- MATERIAL FOR THIS TASK:
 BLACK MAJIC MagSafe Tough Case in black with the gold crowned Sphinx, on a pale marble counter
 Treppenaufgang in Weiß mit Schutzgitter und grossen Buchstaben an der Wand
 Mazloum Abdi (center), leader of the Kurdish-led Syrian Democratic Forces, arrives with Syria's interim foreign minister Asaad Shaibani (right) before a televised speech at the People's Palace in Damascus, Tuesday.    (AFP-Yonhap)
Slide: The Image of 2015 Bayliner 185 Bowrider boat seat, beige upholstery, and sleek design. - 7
---
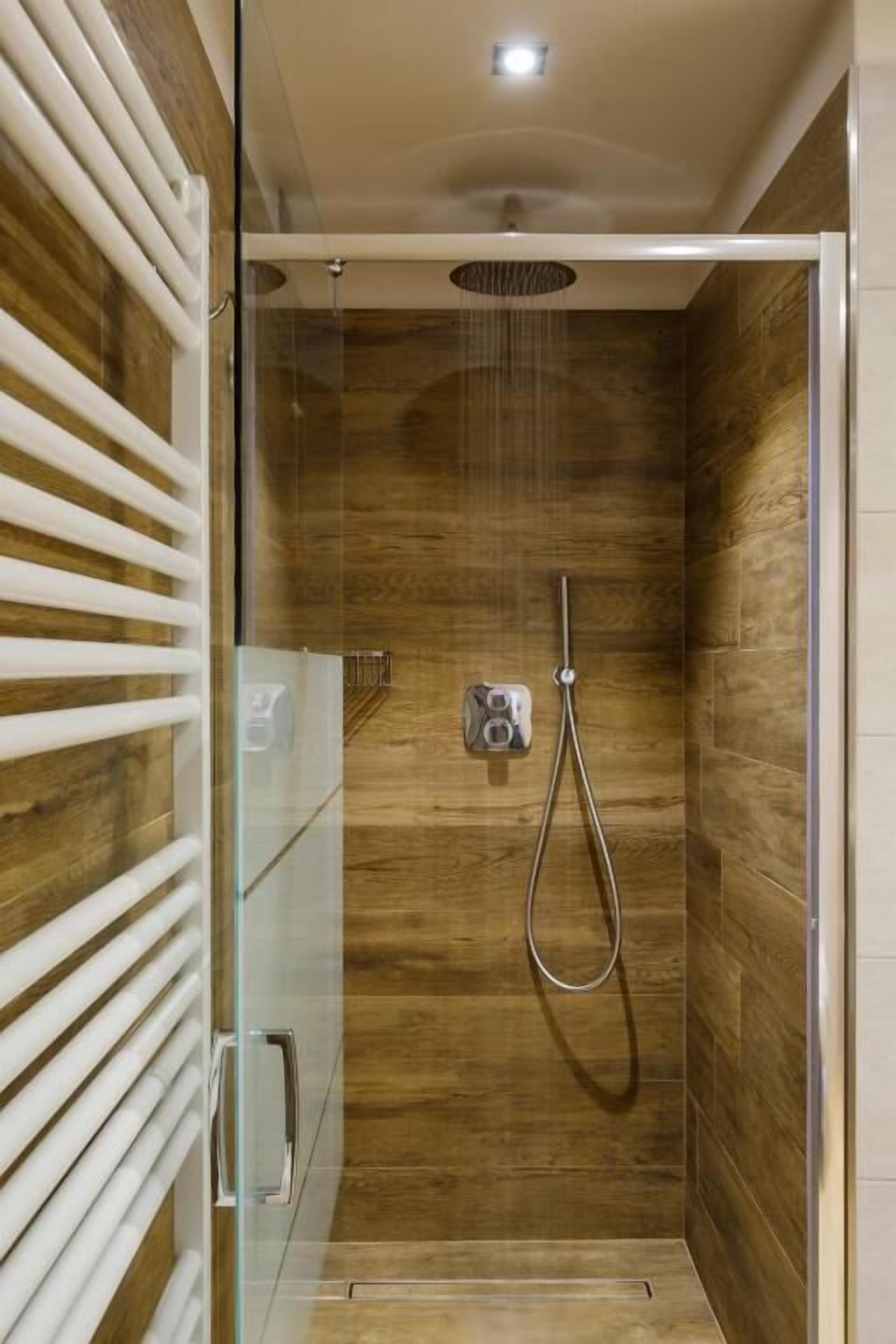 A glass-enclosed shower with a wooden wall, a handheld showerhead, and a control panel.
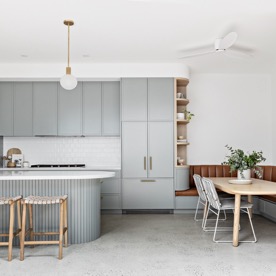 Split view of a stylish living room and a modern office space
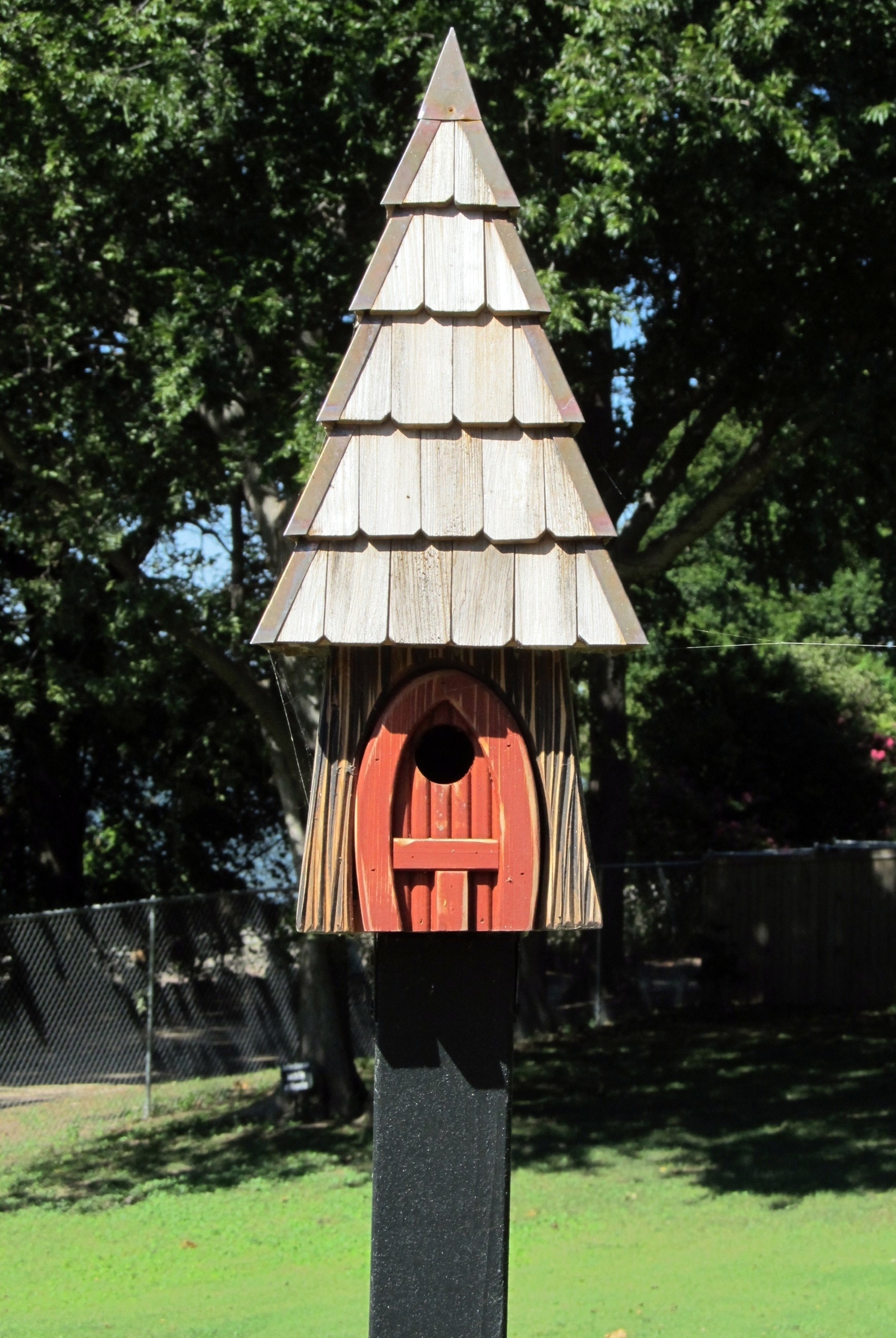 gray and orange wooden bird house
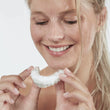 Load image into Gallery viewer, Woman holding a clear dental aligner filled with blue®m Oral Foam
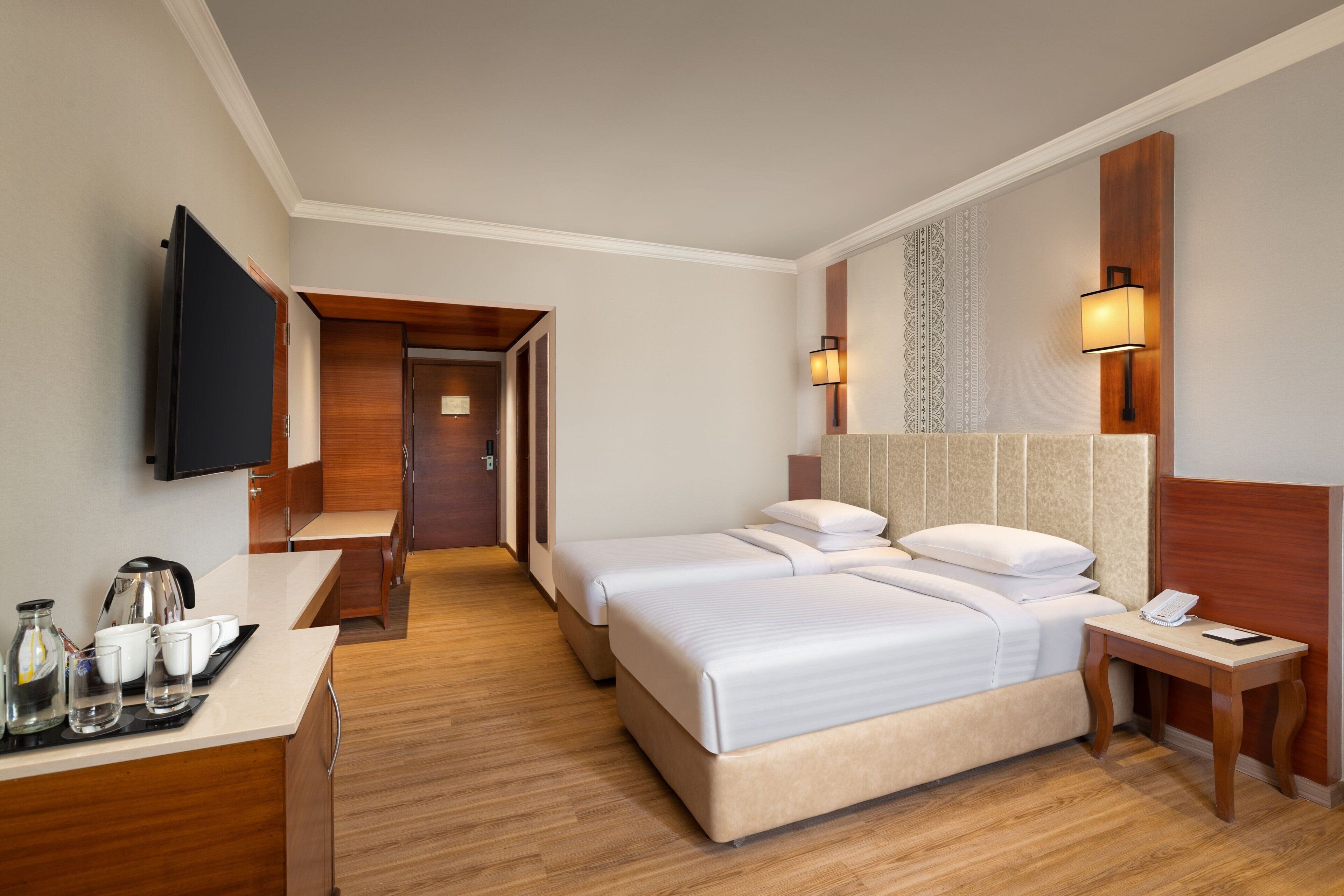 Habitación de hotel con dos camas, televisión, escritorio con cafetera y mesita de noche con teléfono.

- ACTION ITEM: Using the listing above, return word for word each line from the one that has "BLACK MAJIC MagSafe" through the one that has "Slide: The Image", and no line outside that range.

- RESULT:
 BLACK MAJIC MagSafe Tough Case in black with the gold crowned Sphinx, on a pale marble counter
 Treppenaufgang in Weiß mit Schutzgitter und grossen Buchstaben an der Wand
 Mazloum Abdi (center), leader of the Kurdish-led Syrian Democratic Forces, arrives with Syria's interim foreign minister Asaad Shaibani (right) before a televised speech at the People's Palace in Damascus, Tuesday.    (AFP-Yonhap)
Slide: The Image of 2015 Bayliner 185 Bowrider boat seat, beige upholstery, and sleek design. - 7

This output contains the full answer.